Pregnancy, albeit wondrous and magical in so many ways, can also really bite. For me, starting in week six, nausea kicks into high gear. Alongside it’s famous brother “indigestion”. I wake up feeling sick needing food most mornings around 4 A.M. I spend much of the day with a dull haze of nausea around me. Then, from about 5 P.M. until 8 P.M., I start feeling like I’m on a boat at sea. Finally, for kicks, a nice little throbbing headache comes to join the party for a couple of hours (at least with this baby it does).
I eat to stave off the pukiness and I graze to keep my body from going into a “low blood sugar” shake.
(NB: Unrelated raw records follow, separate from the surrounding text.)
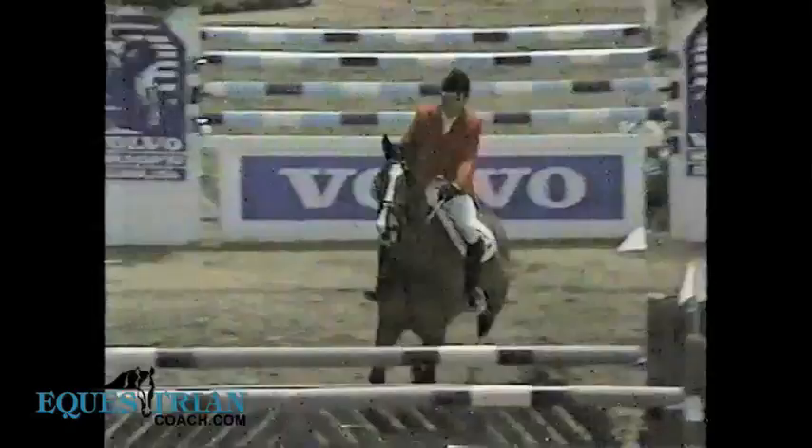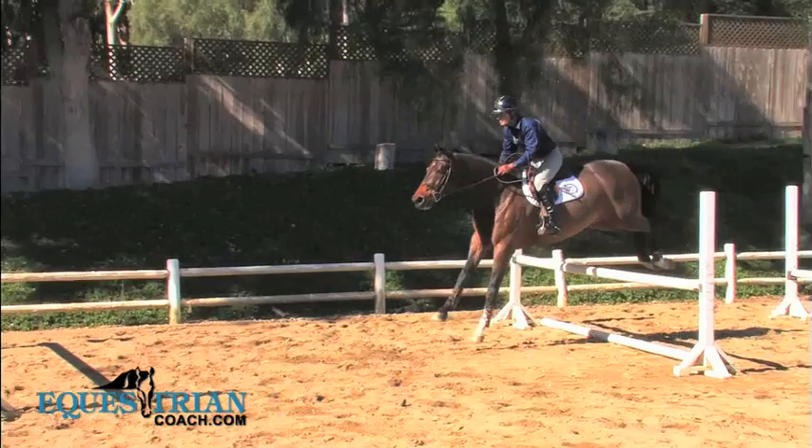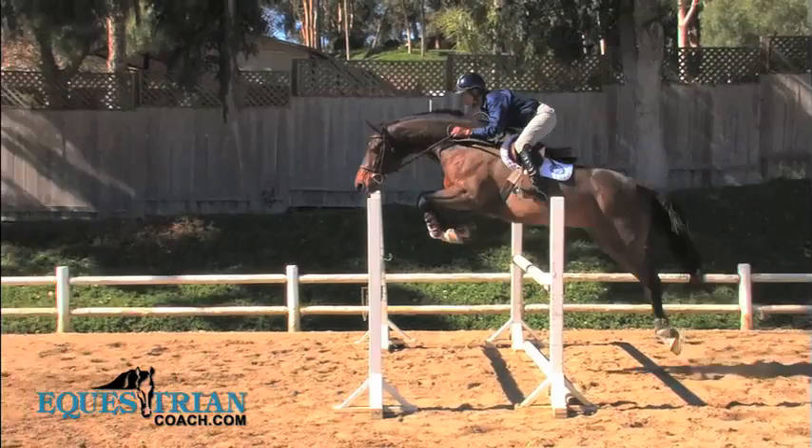We don't want an abandonment through this. We want connection that follows the horse in the air, connection in the middle. Let the gymnastic work for you. Use your voice as an aid and work on your connection with this exercise.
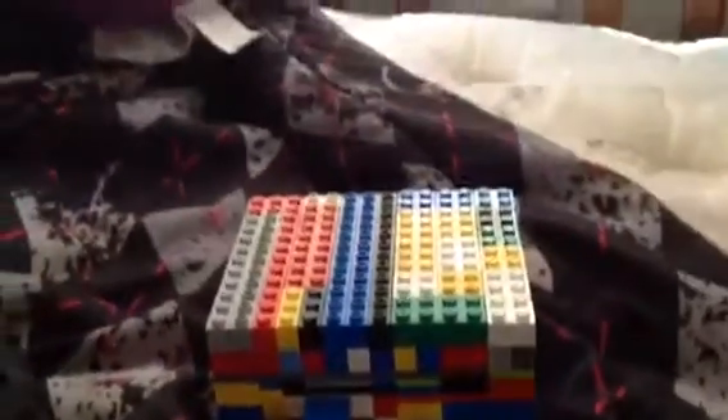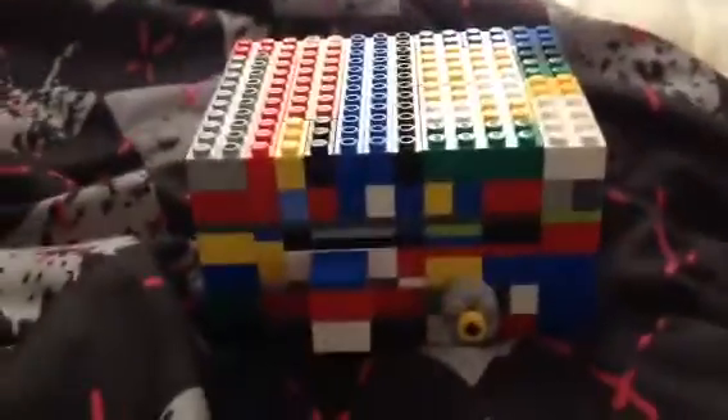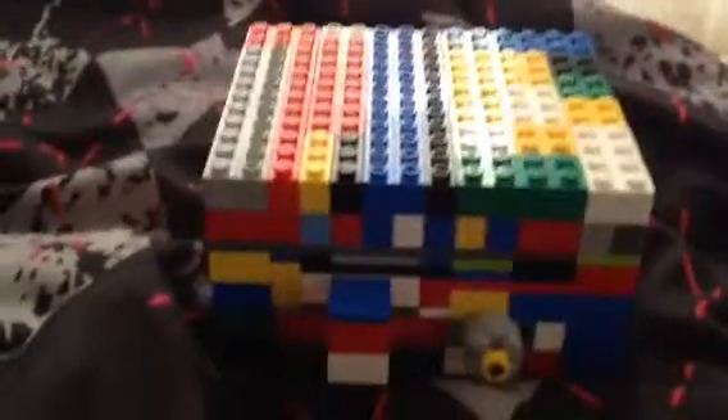Heyo people, this is Elamaster153 here. This is a copy of some type of YouTuber's Lego puzzle safe. I tried to make one just like his, except in color and better, because mine actually also has the same things as his technically — even the thing, if y'all watched his videos. I also wanted to make one just like him, and here it is.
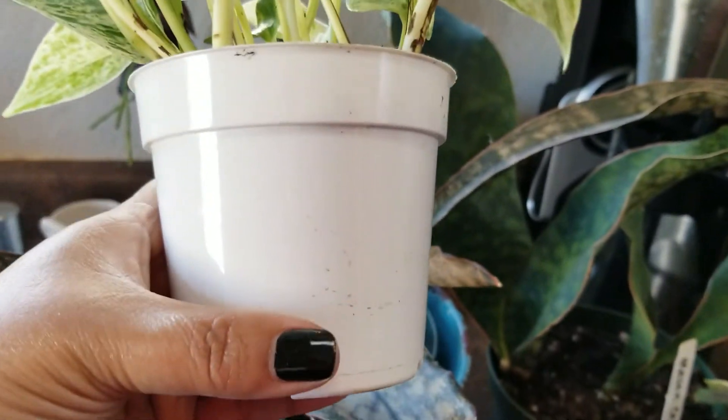This one was an online purchase. I believe it's in the alocasia or colocasia family. It's a pretty small plant — I purchased it for its variegation. I believe it's called the Milky Way because of the white markings and white dot splatter on the leaves. I only have two leaves here but I'm keeping my fingers crossed that they'll flourish and thrive, because I love all my plants — they're like my babies.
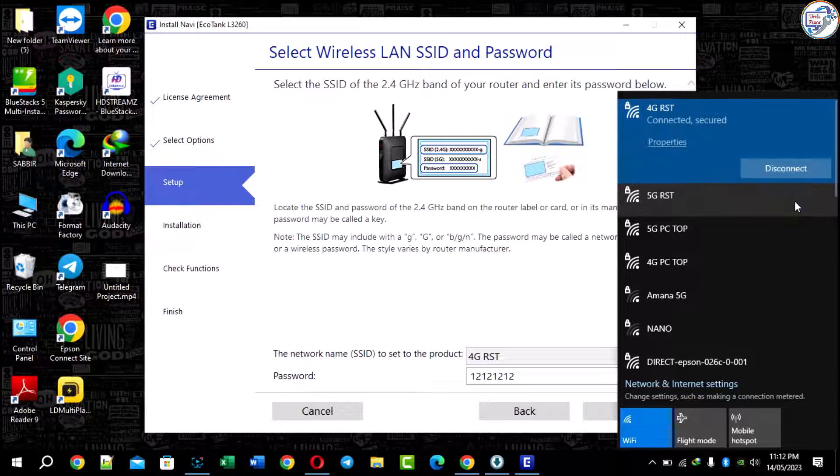Make sure to select Wireless Network Connection as your connection type during installation.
I snack when I feel pressure in my innards and I try sipping on juice to keep from getting dizzy. Basically, for a solid month, I’m eating constantly. And nothing tastes good (did I mention that?) It. Is. Awesome.
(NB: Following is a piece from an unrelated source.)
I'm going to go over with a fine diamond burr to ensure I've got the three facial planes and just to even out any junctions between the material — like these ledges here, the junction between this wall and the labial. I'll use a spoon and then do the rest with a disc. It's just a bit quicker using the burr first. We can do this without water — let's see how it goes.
That said I gain about 1/3 of my weight in the first 12 weeks alone. ½ if you are the type of women who only gains about 20-25 pounds per pregnancy. (Which I have yet to be). Body issues rear their ugly head, as I look more “chubby” than pregnant. I struggle to not feel like a morphing whale and concentrate on the fact that this is a baby, and in nine months I’ll have control over my body again (for the most part).
Is it worth it? Absolutely! Is it the greatest part of motherhood? Uh… not even close.
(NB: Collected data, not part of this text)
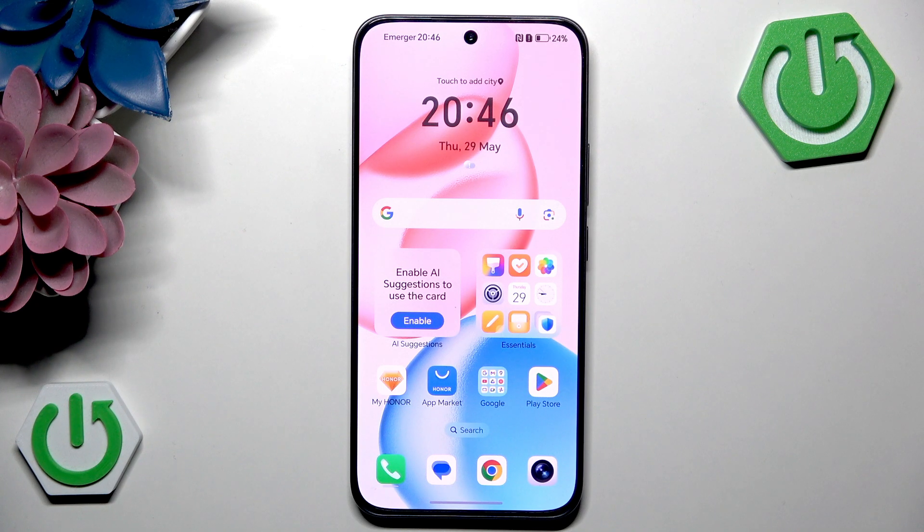Hello, in this video I will show you how to perform hard reset through recovery mode on Honor X7C.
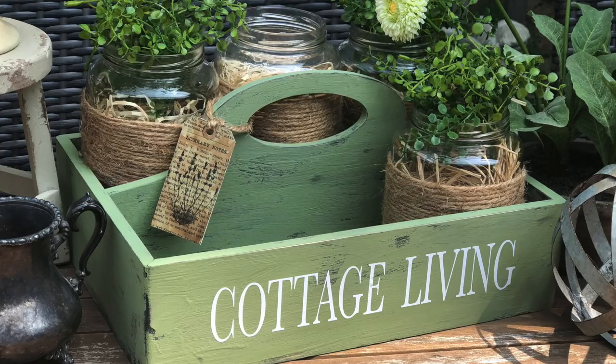If you like this episode of Flea Market Rescue and you want to see more episodes like this, make sure to subscribe to my channel and ring the bell. I'm Kelly Sherry and this has been Flea Market Rescue.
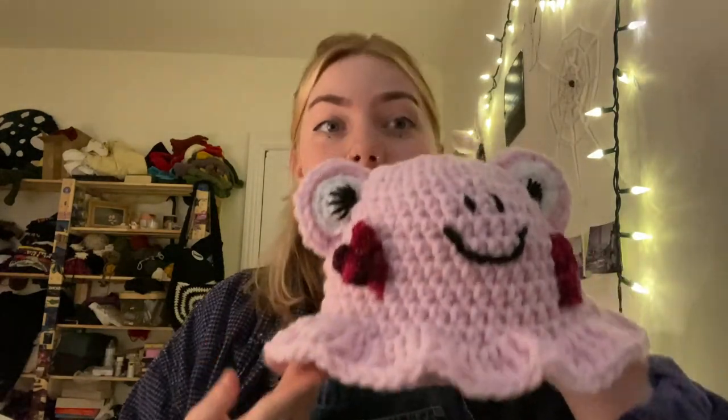So yeah, I hope Mika likes it. I'm also sending them a commission — they commissioned me to make a pink frog hat. I hope they love it. Hope you enjoy watching me make this. It was really hard and really tried my patience, so yeah, enjoy. Talk to you guys later.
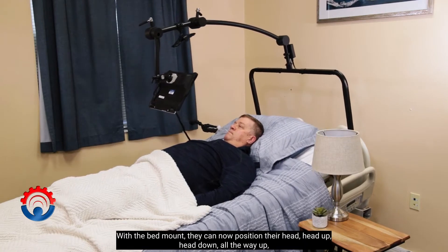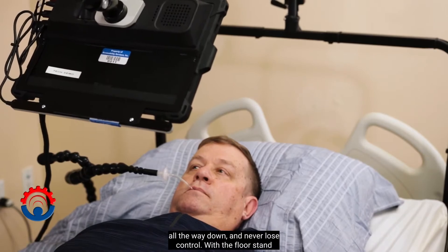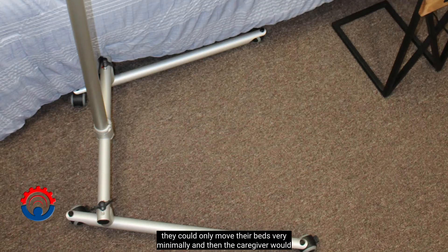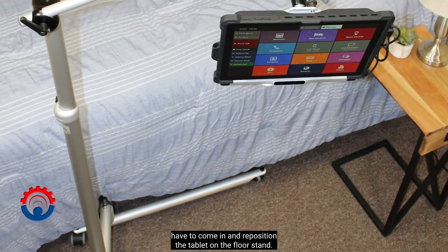With the bed mount, they can now position their head all the way up or all the way down and never lose control. With the floor stand, they could only move their beds very minimally, and then the caregiver would have to come in and reposition the tablet on the floor stand.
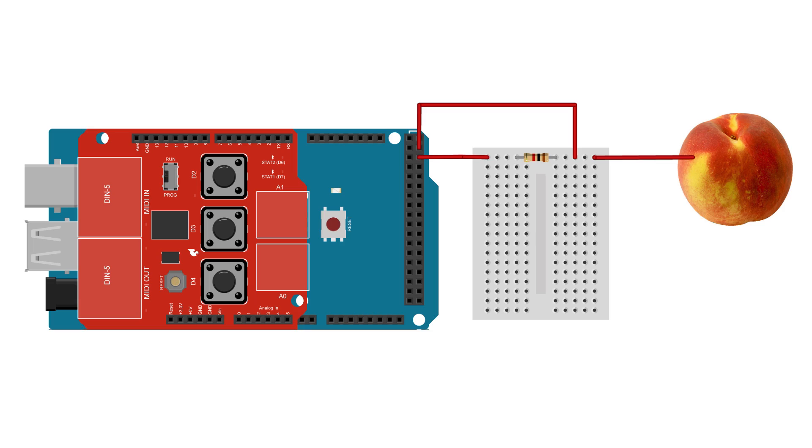For those of you that are interested, this is the technical side of how the Arduino detects which peaches are touched. I use a technique called capacitive sensing. This is a way of making a touch sensor out of conductive material. Capacitive sensing works by connecting two pins on the Arduino through a resistor and by adding your conductive material — a peach in my case — to the circuit after the resistor.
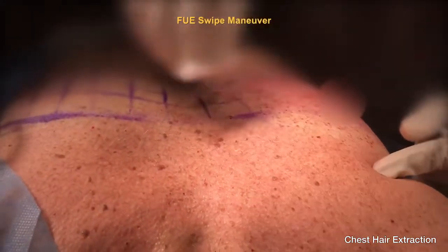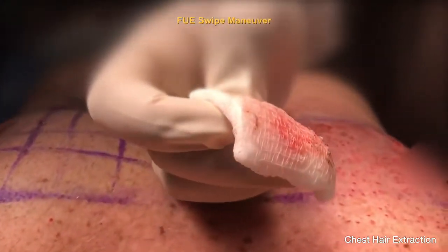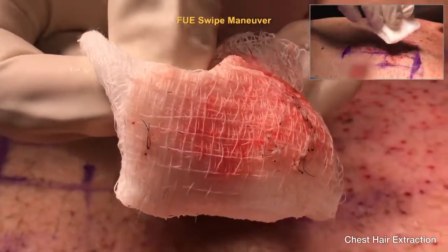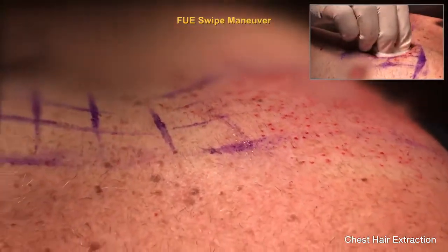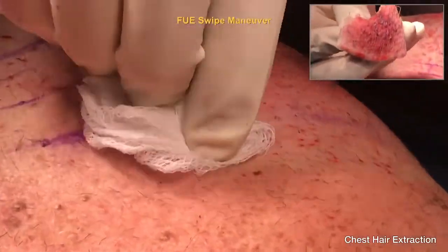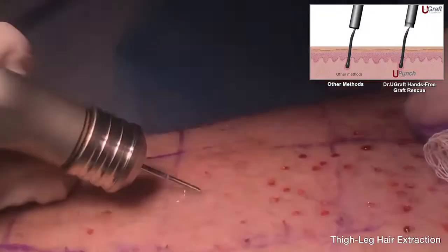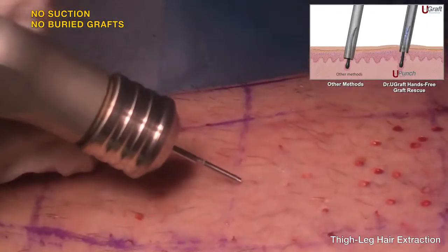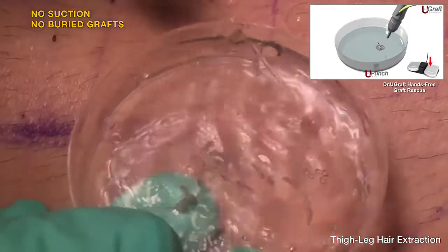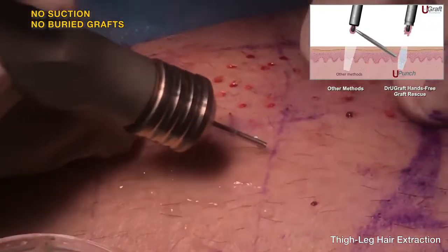This is the FUE swipe maneuver. It can be swiped back and forth. There are no transections, even when dealing with tough angulation like this hair. In this case, there are no transections at all.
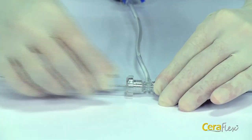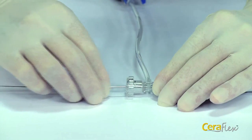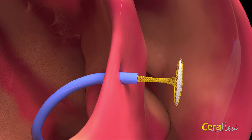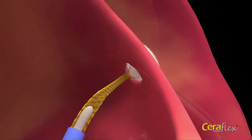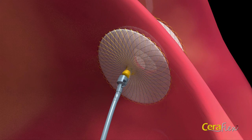Gently loosen the hemostatic valve and advance the delivery cable. When the occluder arrives at the defect, open the left atrial disc and waist in the left atrium and gently pull the device against the atrial septum. Then withdraw or pull the sheath back to deploy the right atrial disc. Ensure the device is placed properly. Finally, proper device placement must be confirmed with fluoroscopy and transesophageal echocardiography.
It’s hard to see your body grow and feel like a stranger that you have no real control over. It’s hard to remind yourself (again in my case) that you CAN and will fit back into your wardrobe someday. And you will have abs again. And reasonably sized bosoms. But, that all feels a million miles away as you sit and feel sorry for your very unpredictably sick self.
However… this too shall pass. And you have a life to live in the meantime. And kids to take care of. And a husband who might want SOME sort of attention.
Therefore, the whining must stop at some point. You must pick up your ego and your closet full of cute dresses and put them aside for now. You are growing a human LIFE after all. And, let’s face it, that’s pretty freaking unbelievable. And your life will never be the same.
And someday, when you watch your baby graduate from high school you won’t be thinking of your morning sickness or your morphing body or your weight gain. You’ll just be so happy you have a kid so great. And you’ll be cheering loudly from the bleachers with tears in your eyes. In your fabulous dress and rockin’ mama body.